*** Opening Given records ***

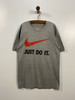 NIKE 耐克REGULAR FIT短袖T恤 _SST(S) 商品缩略图1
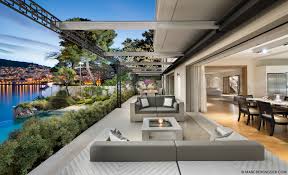 Stunning private pool built into the rock, manicured gardens, television & games room. Location Et Vente De Villas De Luxe Sur La Cote D Azur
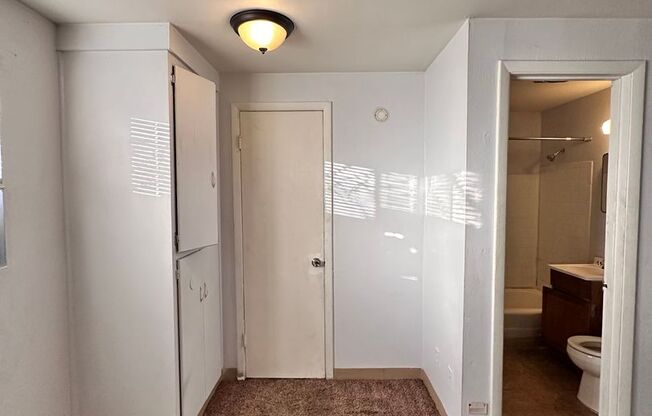 1 bed, 1 bath, 578 sqft, $695, Unit Unit 8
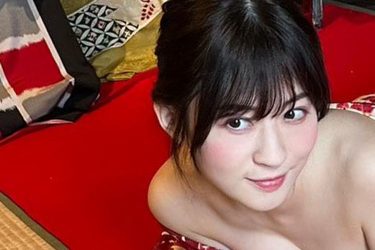 メイリの寝そべり初ふんどし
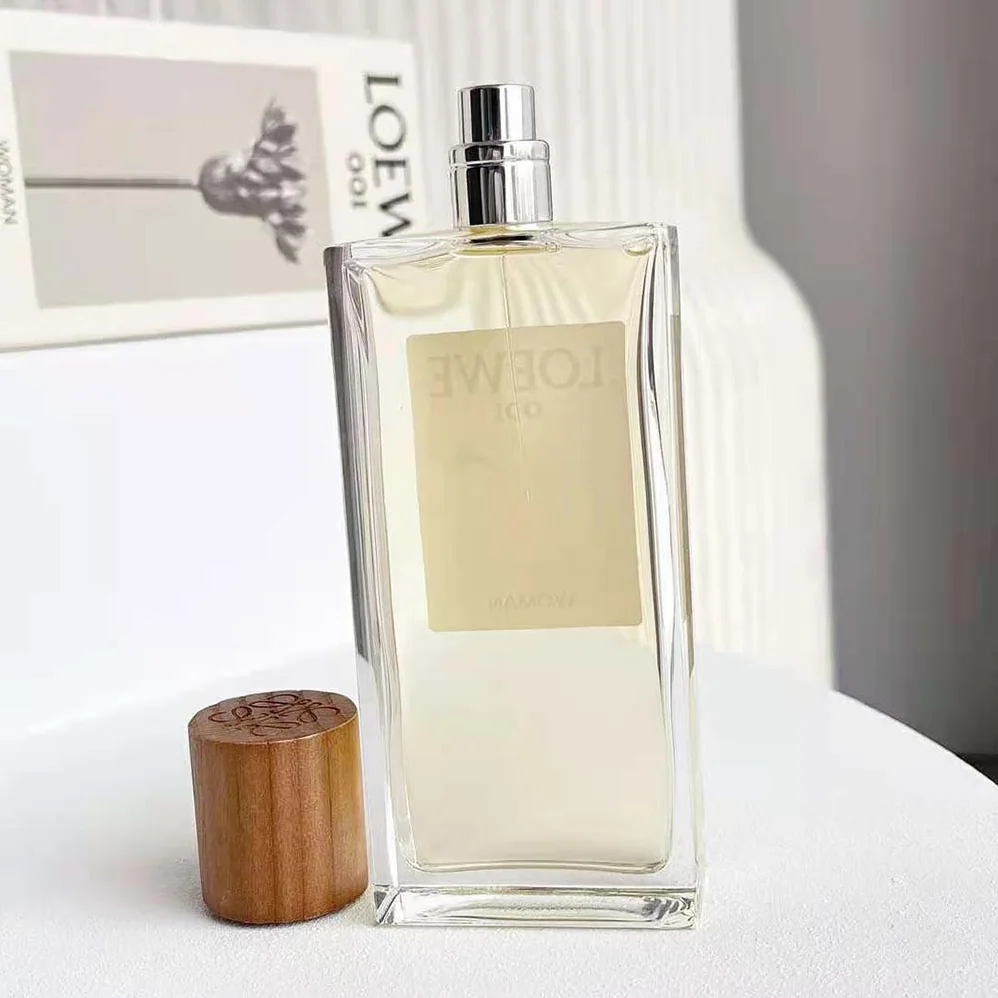Loewe 001 Woman Eau de Parfum 100ml Loewe 001 Woman Eau de Parfum 100ml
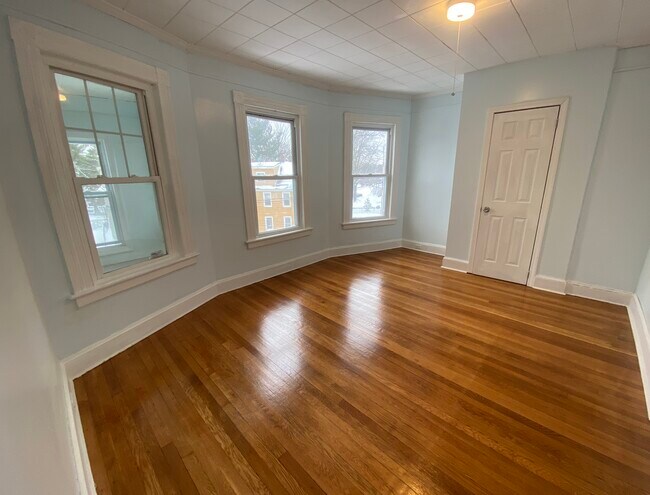 Foto del edificio - 450 Poplar St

*** Closing Given records ***

_What the task requires:_
Reproduce only the lines from the first line of the entries through the line containing "メイリの寝そべり初ふんどし", exactly and with both ends kept. Omit the pictures.

_Task solution:_
 NIKE 耐克REGULAR FIT短袖T恤 _SST(S) 商品缩略图1
 Stunning private pool built into the rock, manicured gardens, television & games room. Location Et Vente De Villas De Luxe Sur La Cote D Azur
 1 bed, 1 bath, 578 sqft, $695, Unit Unit 8
 メイリの寝そべり初ふんどし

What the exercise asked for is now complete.